Antony Gormley is taking art back home, into the house of God. Flare II, Gormley’s latest wired figure has recently been installed into the most dramatic exemplar of church architecture in London – St Paul’s Cathedral. But the prodigal son that is Art, has been beckoned back under the pretence of an altered purpose. The cathedral has launched a programme of artworks so discussion can be reignited over the connection between faith and art.

There is more to this than the Church of England’s patronage backing contemporary art to giving it some 21st century kudos, and there is much more to it than them advertising their religion or using these as icon for worship.

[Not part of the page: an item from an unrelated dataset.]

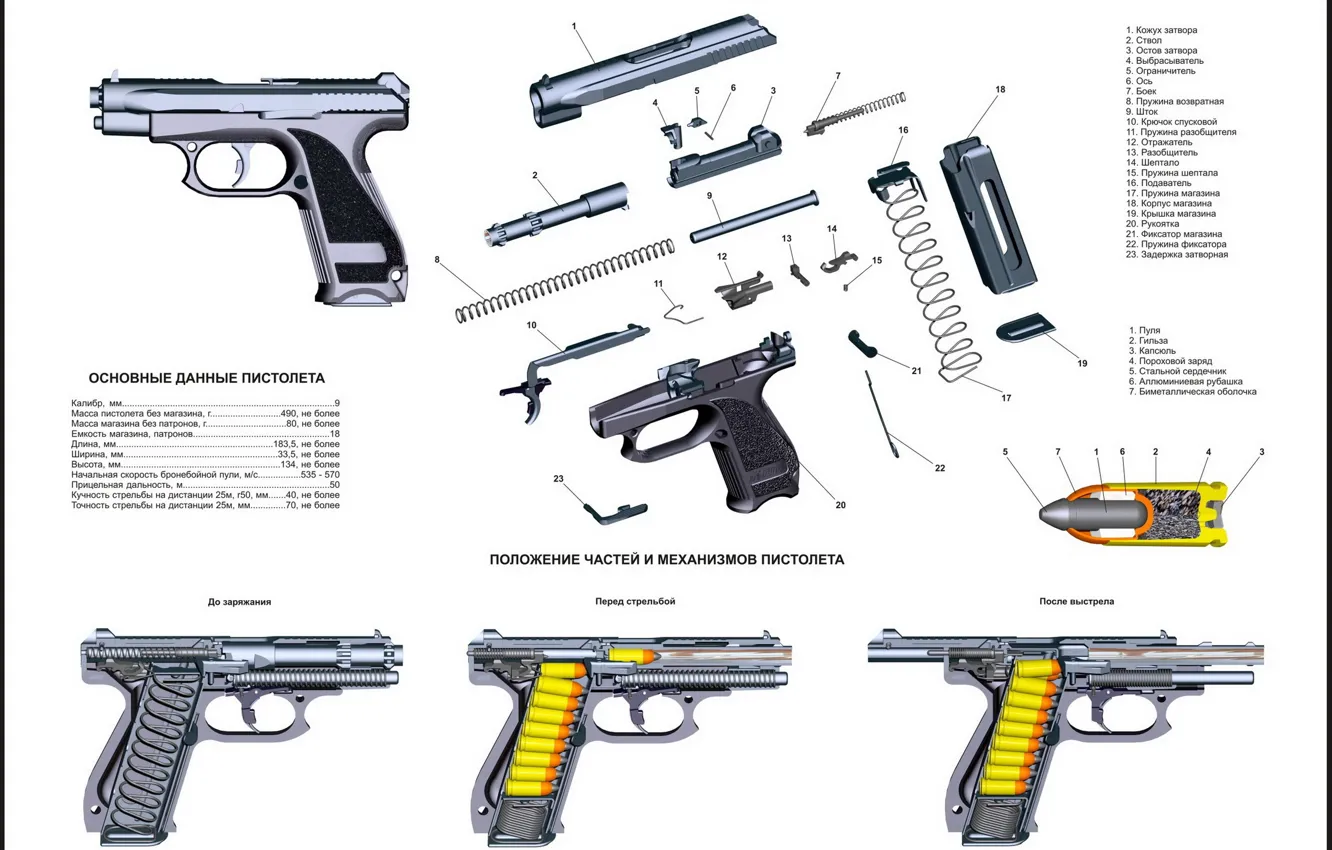 Photo wallpaper gun, scheme of the disassembly, GSH-18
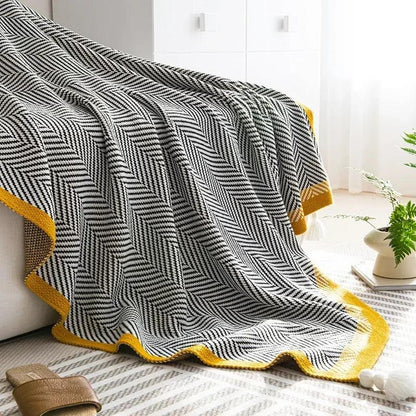 Blanket Diagonal Stripe Knitted Throw Tassel corners 130cm x 150cm  51.2" x 59" - Moda-Airneis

This is a celebration of creativity and the power of the visual to express the sublime – that which is ‘set or raise aloft, high up’ and beyond linguists – purely sentiment. In our post-modern age this may be aside from God, but it is the indescribable spiritual.

The sculpture is a delicate and dense wire mesh formed into a dramatic falling figure, or angel, within a cloud. It hangs suspended in a previously unopened stairwell, which could not be a better gallery space. Naturally lit, elegant curves of Sir Christopher Wren’s design, and a wealth of viewing points. The stairs perfectly frame and compliment its new piece of furniture.

The cathedral’s chancellor, in interview, compared faith to art, in that both require you to ask what else you see, and is there more to it. And so,“[t]he sublime is not so much what we’re going back to as where we’re coming from.” – J. L. Nancy.